En el artículo del que se extrae la cita de la pregunta (“Códigos analógicos y digitales en el cerebro” – Página en Arxiv) comienza, “Durante mucho tiempo se ha debatido si la información en el cerebro se codifica a la velocidad de ataque neuronal o con la precisión tiempo de picos individuales “. (NB: una serie de picos se llama “tren de picos”).

La “codificación de frecuencia” supone que el disparo de una neurona ocurre cuando una acumulación o actividad neuronal alcanza un umbral que hace que la neurona se dispare. En otras palabras, la activación de una neurona es una respuesta “todo” o “ninguna” y por lo tanto es de naturaleza “digital”.

La tasa de “disparo dependiente del tiempo” se define como “una simplificación utilizada para modelar grandes redes de neuronas”. (Página en Pitt) (Técnicamente, es “el número promedio de picos que aparecen durante un corto intervalo entre los tiempos t y t + Δt, dividido por la duración del intervalo”. – Codificación neuronal) Esta “simplificación” es necesaria porque , “los eventos de picos son probabilísticos, por lo que los experimentadores repiten el mismo estímulo en muchos ensayos para obtener un histograma de tiempo posterior al estímulo”. (Página en Pitt) Esto se traduce en un tren de espiga que es una “señal analógica que varía continuamente”.
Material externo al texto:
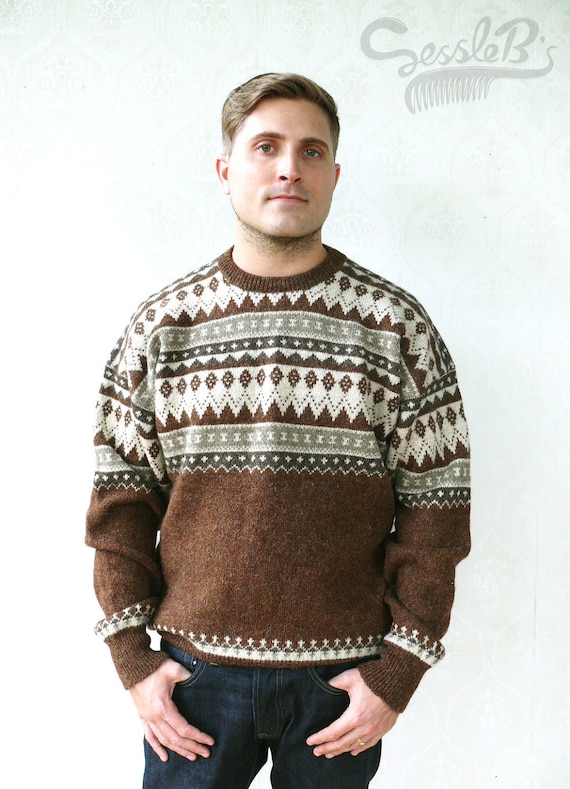 Vintage Men's knitted retro patterned sweater, Large - Browns and creams . . . . . . . . . . "Like" our fb page for 10% discount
Se utilizan selectivamente diferentes modelos estocásticos (ya sea “el modelo empírico de Bayes – EBM – o el modelo oculto de Markov – HMM”), “comparando sus estimaciones de probabilidad para un determinado tren de picos”.
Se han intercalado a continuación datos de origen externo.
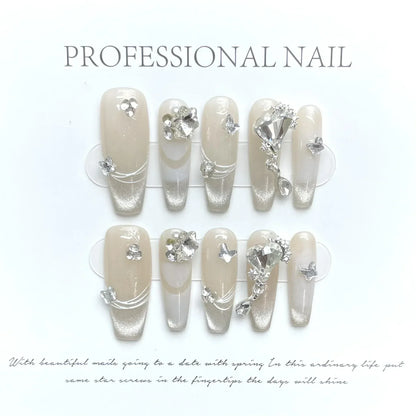 10Pcs Handmade Press on Nails Long Ballet Blue Fake Nails with 3D Ocean Moon Rhinestone Design False Nails Full Cover Nail Tips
En resumen, si los datos se describen mejor con el modelo “digital” de EBM o “analógico” HMM, se decide que la codificación neuronal es una u otra.

NB: NO soy un científico, pero esta metodología me parece empíricamente defectuosa; Ciertamente apreciaría cualquier otra aclaración.

Paso 1. Analizar la señal neural.
Paso 2. Intenta simular la señal con varios modelos estadísticos.
Paso 3. Observa qué modelo simula mejor la señal.

Las cualidades de una señal neural, como la sincronización entre los picos de señal, afectan la forma en que se puede simular la señal. Ciertos modelos son buenos para simular señales digitales, otros para simular señales analógicas.

Si la señal es mejor simulada por un modelo que es bueno para las señales digitales, entonces es digital. Si es simulado mejor por un modelo bueno para señales analógicas, entonces es analógico.

Para hacer una comparación aleatoria: si una planta está mejor representada por el concepto-modelo de un árbol, es un árbol. Si está mejor representado por el concepto-modelo de un arbusto, es un arbusto.

Esencialmente, se trata de hacer una comparación con una abstracción para mirar más allá de las similitudes y ver las diferencias.